Providing historically grounded approaches to enduring geopolitical problems

Strategic Simulations

Since 2015 the University of Cambridge Centre for Geopolitics has run a series of strategic simulation exercises in collaboration with Prof Brendan Simms’ Grand Strategy/Geopolitics masters class. Each simulation centres on an imagined (but realistic) crisis set in the near future, through which a subject of topical security and foreign affairs interest is explored. As events unfold in real time, we bring politicians, academic experts, officials, diplomats, and military leaders together with our MPhil students in a true-to-life simulation of the UK’s National Cabinet Office Briefing Room (COBR) in operation. 
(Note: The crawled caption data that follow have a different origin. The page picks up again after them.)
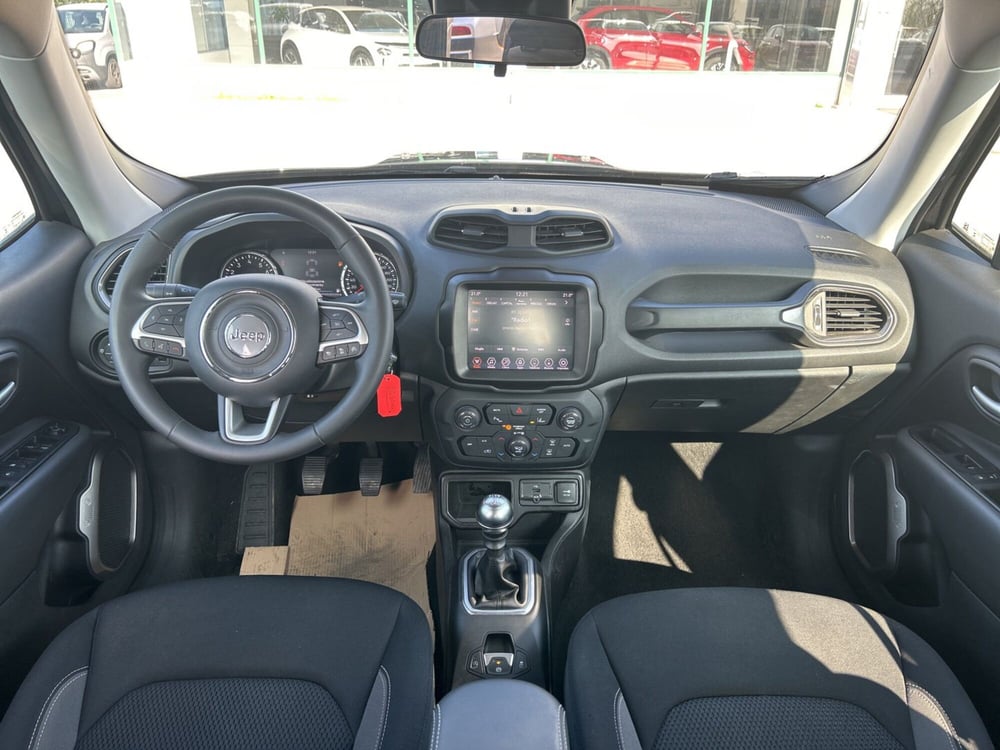 Jeep Renegade usata a Bergamo (19)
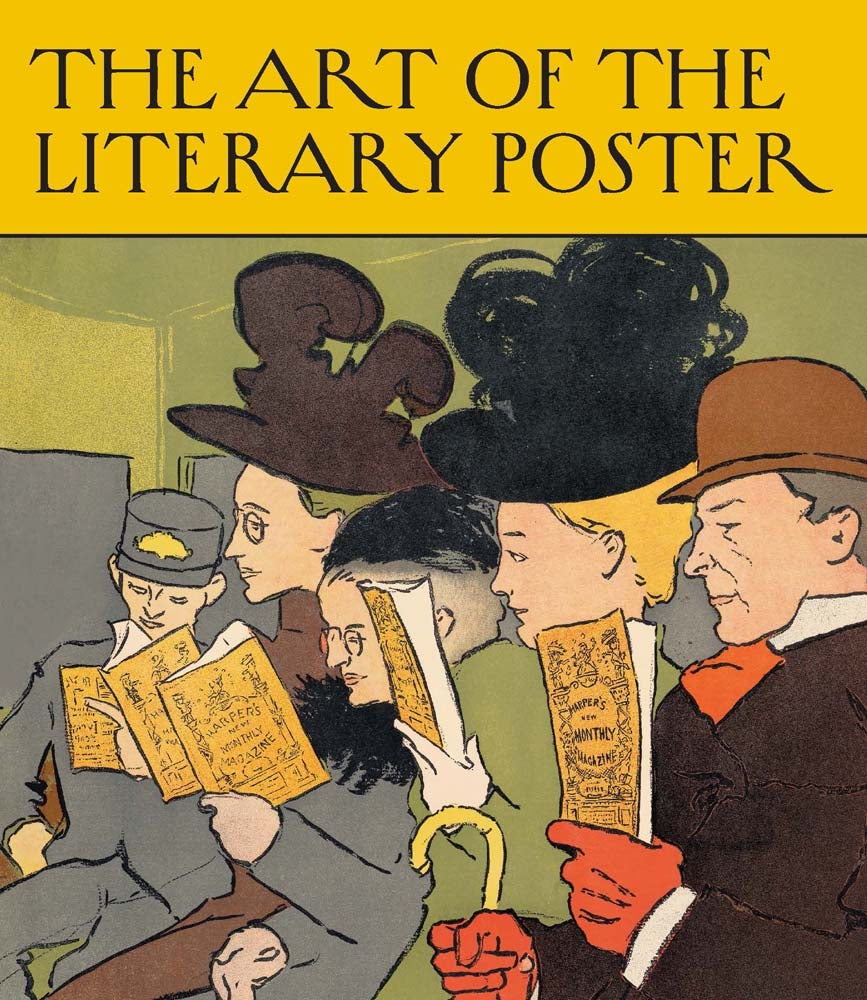 Book cover for The Art of the Literary Poster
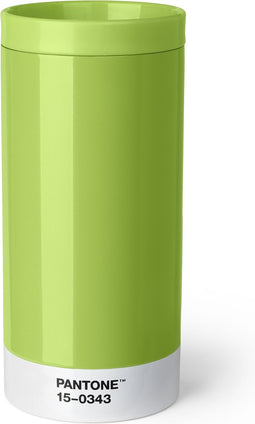 Pantone Drinkbeker - To Go - RVS - 430 ml - Green 15-0343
The aim is to allow all involved to deepen their knowledge of a contemporary geopolitical issue, and to develop strategic thinking skills and test potential future developments and options, in keeping with the Centre’s mission to offer new historically grounded approaches to enduring geopolitical problems. For the students, this is an opportunity to interact with and learn from those who have dealt (or are still dealing) with these challenges in government and affords the opportunity to think about the historic themes that run through their MPhil module in a contemporary context. For the politicians, experts, and officials who participate, we hope to broaden existing knowledge across disciplines and professions and to benefit from constructive questioning of each other and from the students. For all, there is the opportunity to reflect on the nature of government responses to current foreign, defence, and national security challenges. The simulation provides a safe, experimental space for current policymakers to probe and challenge orthodoxies and possible solutions. 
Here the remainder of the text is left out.